Monday, June 24, 2013

Homo sapiens anyone?

There is a big thing about bot generated articles based on the taxonomy of species. My take is that this whole discussion is of the rails. It is off the rails because people do NOT understand the vagaries of taxonomy. It is off the rails because people forget what we aim to do; providing knowledge by sharing information.

I loved what Erik Zachte had to say; he wrote about uploading images to Commons and finding that there are no articles in any Wikipedia about the subject of the pictures. It changed his perspective on bot generated articles. When enough information is available to a bot, it can generate articles on 280+ Wikipedias. The alternative is not providing information on the subject in any language.

Another loud argument was about taxonomy; article nbr 1,000,000 on the Swedish Wikipedia is about a species that was recently renamed. As some people would have it, the information was no longer “valid”. One counter argument is, when people know a specimen by the “old name” there would be no information to be had. Another counter argument: from a taxonomy point of view validity of a name is only in the quality of the publication and as a consequence, the old name is valid. To make this point abundantly clear; Homo sapiens is what most people know for the taxonomical name for a human being. I am not completely sure and I care not that much but I seem to remember that “Homo sapiens sapiens” is what has been used more recently in taxonomy for us "thinking men".

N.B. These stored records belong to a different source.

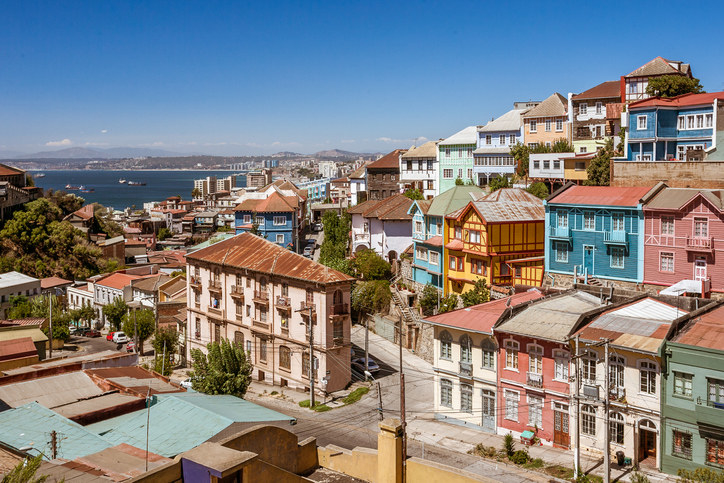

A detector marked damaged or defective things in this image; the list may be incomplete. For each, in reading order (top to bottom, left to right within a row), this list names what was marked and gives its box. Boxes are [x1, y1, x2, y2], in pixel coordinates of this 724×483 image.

rusty corrugated roof [185, 233, 352, 286]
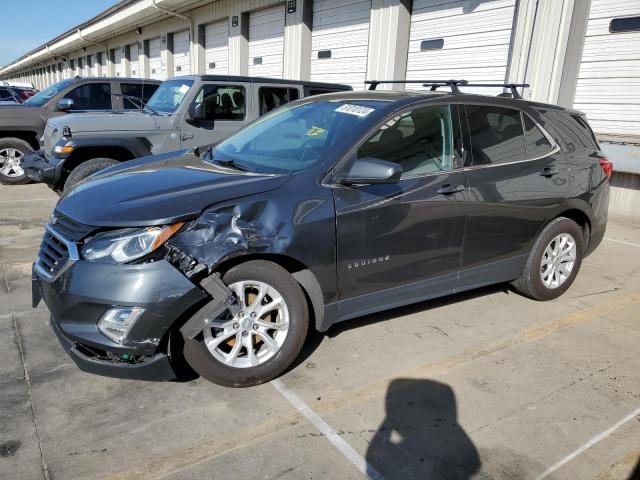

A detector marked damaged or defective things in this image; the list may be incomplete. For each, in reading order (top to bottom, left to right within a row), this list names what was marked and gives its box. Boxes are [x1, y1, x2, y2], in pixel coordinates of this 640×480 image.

crumpled front bumper [23, 150, 60, 188]
crumpled front bumper [33, 260, 208, 380]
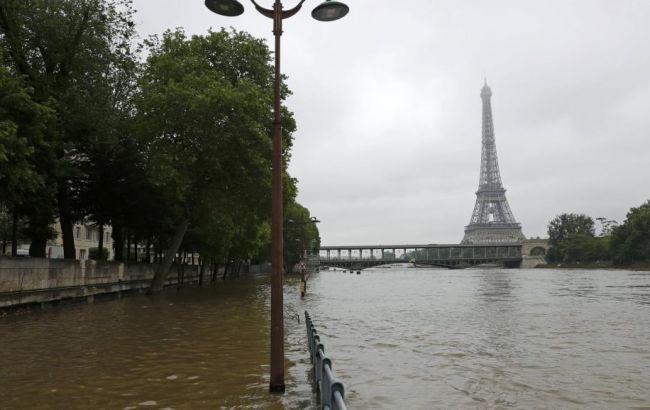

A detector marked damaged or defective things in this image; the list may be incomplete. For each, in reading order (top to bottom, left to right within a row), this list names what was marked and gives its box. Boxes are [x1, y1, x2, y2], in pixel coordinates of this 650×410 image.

rusty lamp pole [204, 0, 346, 394]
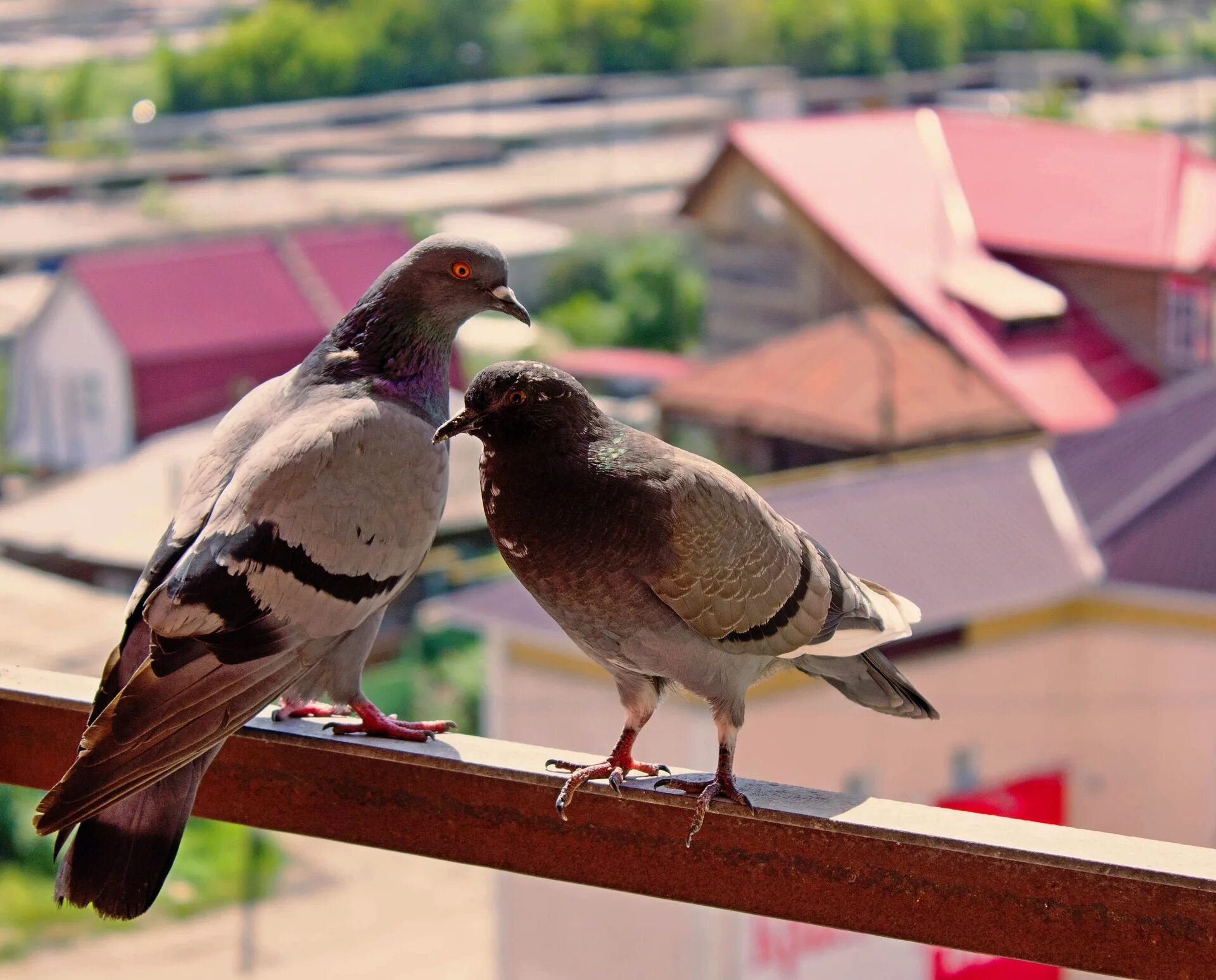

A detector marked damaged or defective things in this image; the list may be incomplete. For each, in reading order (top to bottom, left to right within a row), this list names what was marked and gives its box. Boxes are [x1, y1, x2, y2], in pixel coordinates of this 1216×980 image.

rusty metal railing [2, 663, 1216, 977]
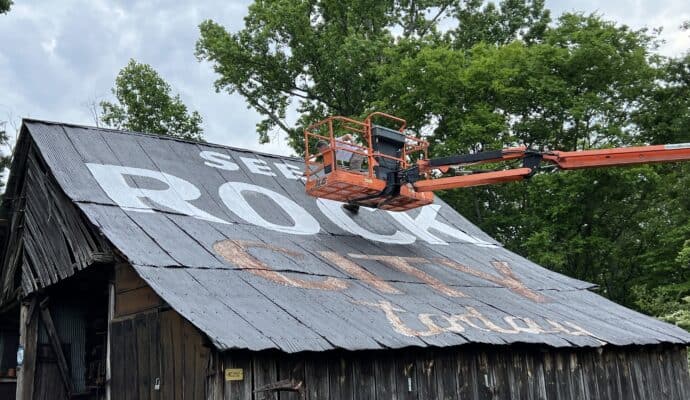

Let’s cut the crap and analyse the situation:
  • Many Wikipedians hate stubs without any consideration for the opinion of others
  • Stubs, particularly well-designed stubs are an invitation to edit them
  •  Our prime objective is to provide information
  • In all the recent huha there has been little talk about technical possibilities

One solution for machine generated stubs is to have them in their own namespace and move them with the first human generated edit. This will not shut up all the detractors but it removes their arguments from them.

Another solution is to have the bots generate the information only when requested. It does not need to be saved, it only needs to be cached. Given that it is a bot generating the information, the script it uses can be translated for use in other languages as well.

Yet another solution is to have such scripts associated with Wikidata items. The information provided in this way would be truly complementary to what is available in Wikipedia. An added bonus would be that it will take away any room for Wikipedians to complain. Hm.. possibly, probably not.

Saturday, June 15, 2013

Red links in #Wikipedia categories are possible… use #Wikidata

I have been looking for lists on a given subject. My requirements are “simple”;
  • I want a complete list
  • I want to know if there is an article in a language on a Wikipedia for the items on the list
The first requirement excludes categories.

The second requirement is provided to some extend by categories. In this case I used information from the English language Wikipedia. There was an article on the subject as well and it contained a list and this list contained items that were not in the category. I read many of the articles to add statements on these persons and based on the articles I had to conclude that some of the category items and list items were wrong.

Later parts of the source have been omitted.